When the time came to receive my honor I was so undone by Jeanine’s beautiful, and highly personal, words of praise that I forgot what I had planned to say and fumbled a bit. I hope I conveyed how flattered I was to receive an award for doing something I have always loved.
Friday afternoon I had the pleasure of reading the “rationales” for this year’s ten most significant films as voted by the American Film Institute jury, on which I’ve served several times. AFI’s annual luncheon, at the Four Seasons Hotel, is one of the classiest events of the award season and I feel very lucky to attend. Everyone’s guard is down as there is no media inside the event, so it’s possible to chat in an informal manner with all sorts of people—actors, filmmakers, executives—one wouldn’t necessarily come into contact with anywhere else.
Mila Kunis, who’s received her share of praise for Black Swan, confessed that while she is grateful for the accolades she’s unaccustomed to this kind of attention and feels a bit awkward. I told her that I’ve never forgotten when, years ago, the Los Angeles Film Critics Association gave its Best Actor prize to the towering Gene Hackman. In accepting the prize he said he was extremely uncomfortable, and remarked, “This is something they don’t teach you in acting school.”
Schmoozing with everyone from Aaron Sorkin and Amy Adams is pretty heady stuff for someone who is first and foremost a fan. So is Matthew Weiner, the creator of Mad Men; he was just as excited as I was to meet Claire Bloom, who was there as part of The King’s Speech ensemble.
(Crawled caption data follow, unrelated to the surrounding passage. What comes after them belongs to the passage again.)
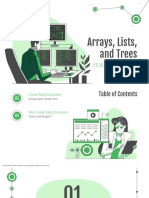 2.1 Arrays Lists and Trees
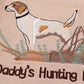 Daddy's hunting buddy embroidery boy top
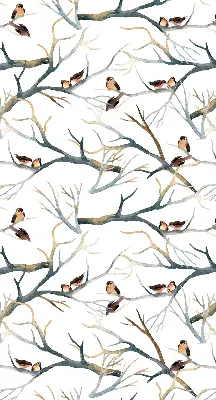 Verdunkelungsrollo Vögel auf einem Baum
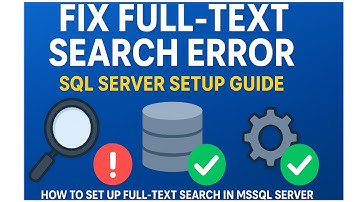 How to FIX or ENABLE  Full-Text Search | MSSQL Setup Guide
Bob Gazzale, who presides over the AFI, always chooses an elder statesman to make a closing speech, and hit a bull’s-eye when he persuaded Kirk Douglas to come and speak about Spartacus and his employment of the long-blacklisted Dalton Trumbo. As in every public appearance I’ve witnessed in recent years, the hearty nonagenarian had the audience eating from the palm of his hand.
Finally, on Saturday night I served as master of ceremonies for the Los Angeles Film Critics Association awards dinner. I enjoy this task, so when our current president, Brent Simon, asked if I’d be willing I didn’t hesitate. Where else do I get to spring wisecracks on a tony industry crowd and share a stage with the best and the brightest in our field?
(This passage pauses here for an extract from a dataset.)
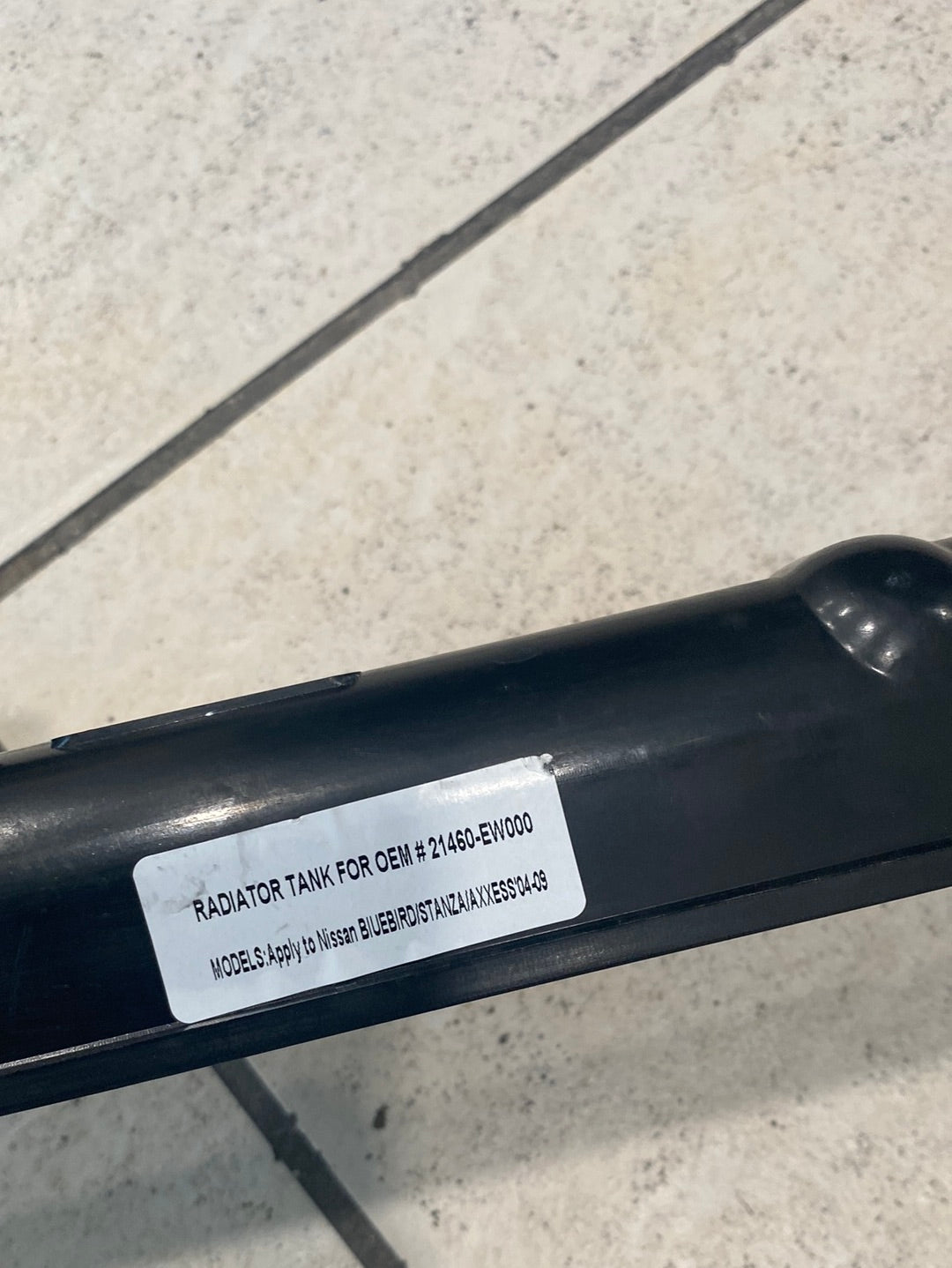 Radiator plastic tank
This was the second time in a week that I heard the Australian actress Jacki Weaver accept a (well-deserved) award for her canny performance in Animal Kingdom, and once again she gave a terrifically funny speech. I hope some smart American producers are cooking up projects for her so we can see more of this treasured Aussie.
Olivier Assayas is the latest in a long line of French filmmakers who started out writing for Cahiers du Cinema, and he was eloquent in his acceptance of our Best Foreign Film award—for the second year in a row. Last year it was for the moving and profound family drama Summer Hours; this year it was for the riveting miniseries Carlos, starring another foreigner who ought to find more work on these shores, the brilliant Argentinian actor Carlos Ramirez.
The centerpiece of our evening was a career tribute to the great Paul Mazursky, whom his friend Mel Brooks referred to as “our Bergman, our Fellini.” We could certainly use the kind of humanist comedies and dramas he co-wrote and directed so successfully in the 1960s, 70s, and 80s, but Hollywood has passed him by, sad to say, in favor the new kids on the block. But Mazursky’s reputation is secure, and two longtime friends came to literally sing his praises as a musical surprise at the beginning of the night: Jackie DeShannon and Kris Kristofferson (who costarred in Mazursky’s Blume in Love).
A package of film clips reminded us all that he is the only man alive who acted for Stanley Kubrick and directed Woody Allen, John Cassavetes, and Federico Fellini. That’s an achievement that will stand forever, along with all the wonderful movies he’s given us.
Are there too many award shows? Sure there are. I can’t imagine what it’s like for the people who have to attend each and every one, packed so closely together. But for me, being a part of these three was a treat.